Information Gap
To be sure, gathering information about a target's real-estate assets may be anything but easy. Many corporations manage their real estate in a decentralized fashion, with data stored in disparate, unconnected systems and databases. As a result, "a surprising number of businesses don't know the value of their operational [real-estate] portfolio," asserts RICS's White. "And they have only a vague notion of what their real estate is costing them."
For acquirers, pulling all the data together in order to assess the value and performance of a target's portfolio can be a Herculean task — and can disrupt the timing of a deal. Once a deal is done, the acquirer then faces the problem of managing new portfolios and systems. That's currently the case at SBC Communications. The Dallas — based Baby Bell has done several major mergers since 1997, and each company involved has come with its own real-estate-management system.
"The challenge now is managing a 130 million-square-foot portfolio and approximately 5,000 buildings requiring facility management — without a common system," says Mary Manning, senior vice president of real estate at SBC. The telco is implementing a building-management system and a data warehouse to centralize portfolio information. Still, new real-estate systems aren't high on the corporate priority list, says Manning.
They may move higher up if the accounting standards for real estate change. Currently, real estate is accounted for at historic cost, but the International Accounting Standards Board is pushing to require companies to measure real-estate worth at fair value. If the IASB gets its way, companies will be obliged to generate better information about their real-estate assets.
But the advent of fair-value accounting for real estate is not expected to arrive before 2005. In the meantime, corporate real-estate managers will have to continue exercising their powers of persuasion. Concedes former BT executive White, "It will probably take another two to three years to bring about a noticeable change in managers' thinking about property."
Sidebar: Synthetic Risk
Another real-estate red flag for acquirers these days is synthetic leases, which experts say can camouflage significant liabilities. These vehicles grew popular in the late 1990s as a way for corporate lessors to obtain off-balance-sheet financing while avoiding the earnings hit from depreciation associated with owning real estate both of which improve reported return-on-asset ratios.

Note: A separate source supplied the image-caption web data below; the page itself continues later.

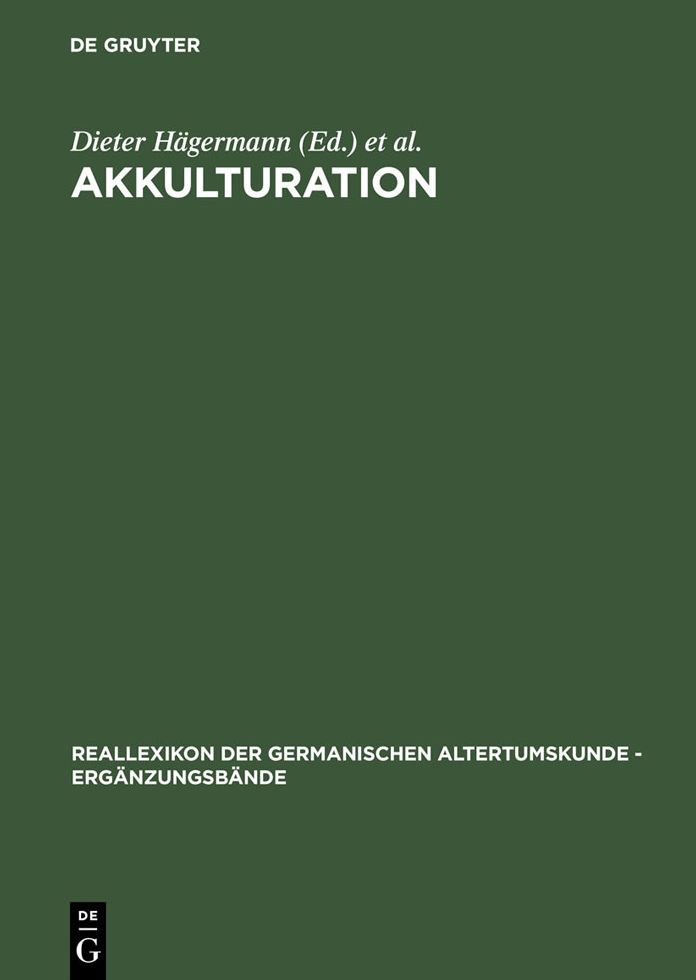 Akkulturation: Probleme einer germanisch-romanischen Kultursynthese in Spatantike und fruhem Mittelalter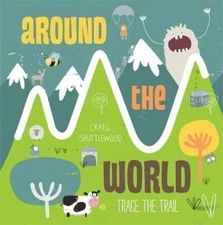 Trace the Trail: Around the World - Hardcover By Craig Shuttlewood - GOOD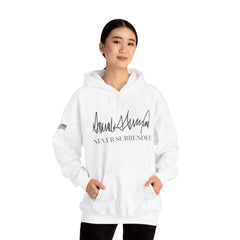 "Never Surrender" Signature Hoodie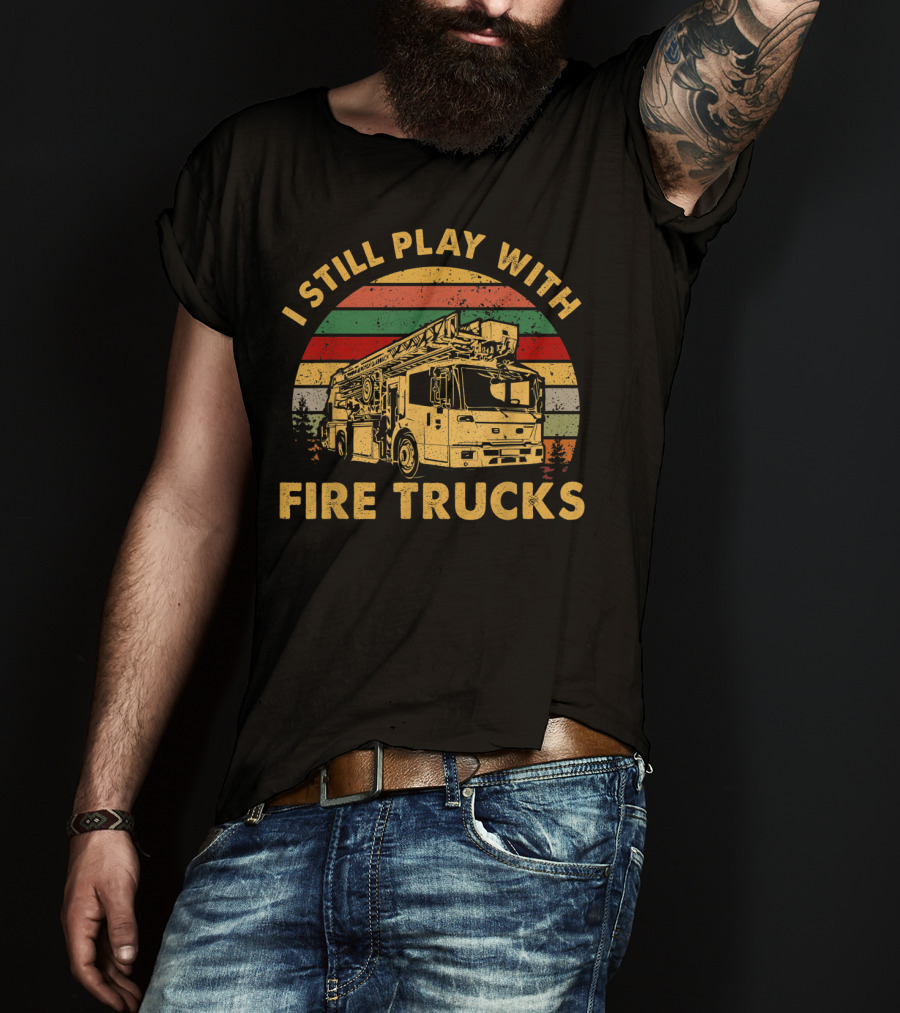 I Still Play With Fire Trucks Retro T-Shirt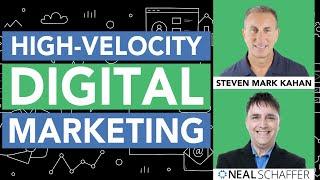 High-Velocity Digital Marketing: Strategies to Grow Your Business Fast with Steven Mark Kahan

But most synthetic leases are short term (usually between 3 and 10 years), and many are coming due now. The reset can have a sizable impact on the value of a takeover target. "What might scare an acquirer is a synthetic lease coming due in 3 to 5 years, which might mean a big refinancing risk," says Sean Sovak, chief acquisition officer at New York-based corporate real-estate financing firm W.P. Carey & Co. LLC.
What's more, synthetic lessees often reserve the right at the end of a lease to buy a property, extend the lease, or sell the property and take any gain or loss in its value. "There's also a risk that when the leases expire, the value of the real estate may be less than the value of the synthetic itself," notes Sovak. It's critical, therefore, that acquiring managers be aware of maturities on synthetics.
Finally, new accounting rules that took effect earlier this year may further complicate the picture. The rules will require lessors to either unwind their deals or restructure them with more outside capital. If the deals are not unwound or restructured before an acquisition, buyers will inherit the job.